Reproduction of part of the material below, pictures omitted: copy exactly, and only, the lines starting with the one with "Lot de 2 Crochets, Acier" and going on through the one with "Many different fresh vegetables falling on white background Many".

▶ [Material to process]:
>>>>
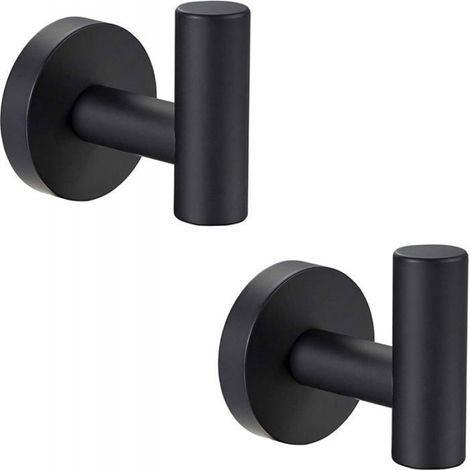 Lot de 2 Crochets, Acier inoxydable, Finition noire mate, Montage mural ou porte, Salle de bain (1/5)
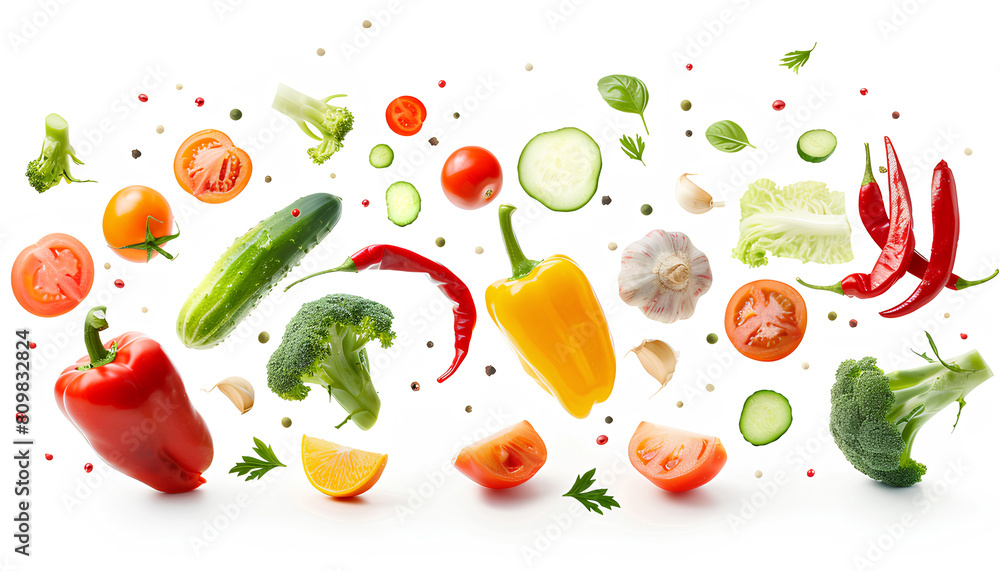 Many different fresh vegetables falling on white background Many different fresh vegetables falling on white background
<<<<
>>>>
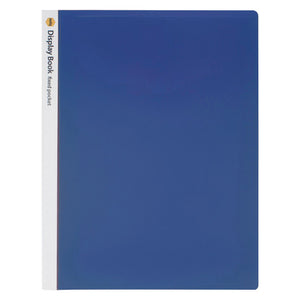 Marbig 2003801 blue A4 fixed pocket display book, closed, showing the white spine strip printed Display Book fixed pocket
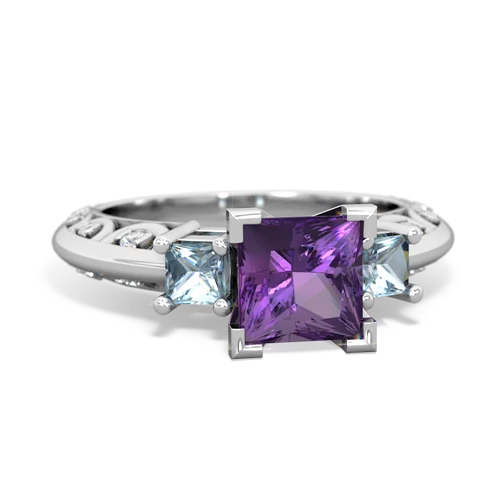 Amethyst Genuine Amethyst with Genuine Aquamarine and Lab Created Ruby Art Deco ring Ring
<<<<
>>>>
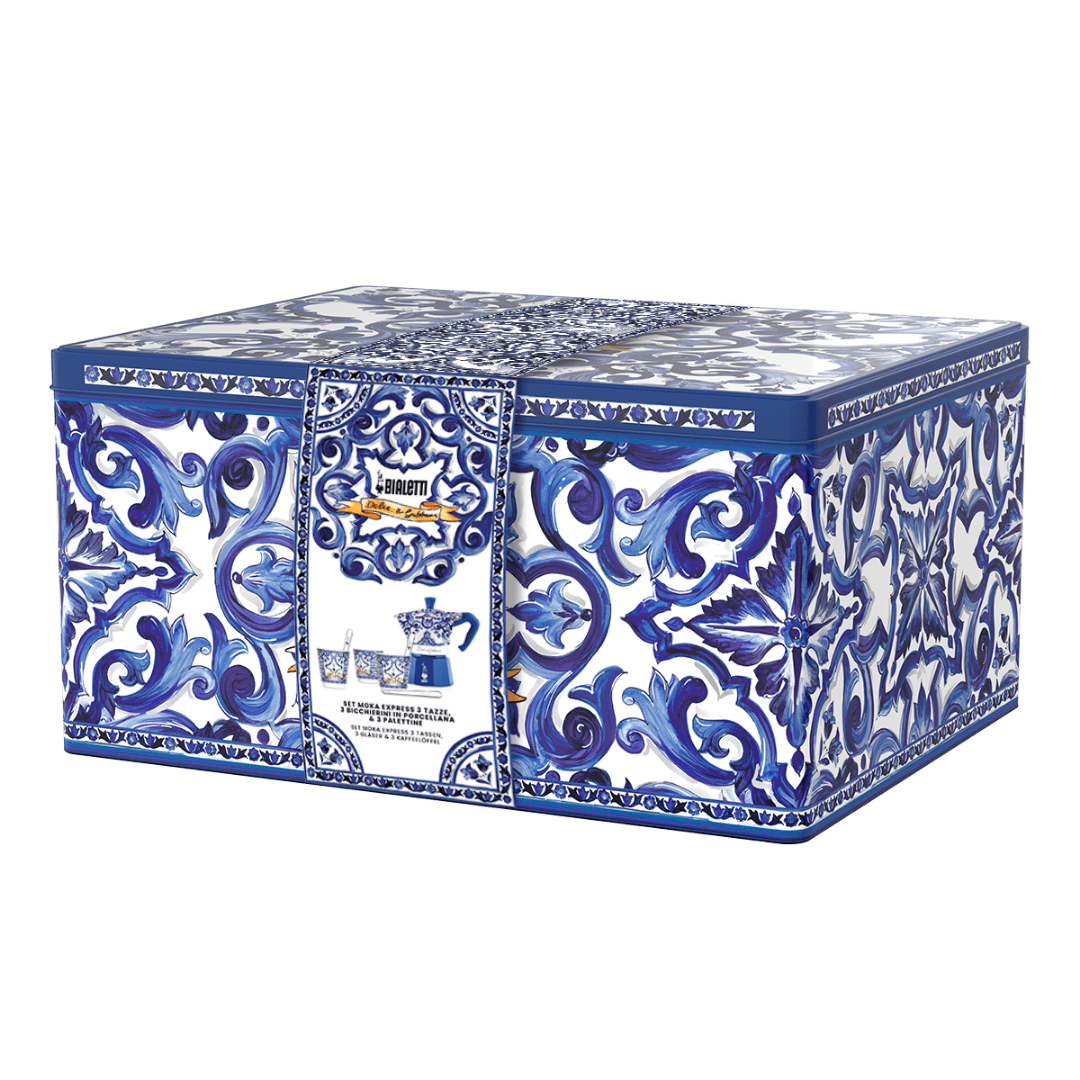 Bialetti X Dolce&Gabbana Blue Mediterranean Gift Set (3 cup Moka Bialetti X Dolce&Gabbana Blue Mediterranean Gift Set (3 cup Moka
<<<<
▶ [Reply]:
 Lot de 2 Crochets, Acier inoxydable, Finition noire mate, Montage mural ou porte, Salle de bain (1/5)
 Many different fresh vegetables falling on white background Many different fresh vegetables falling on white background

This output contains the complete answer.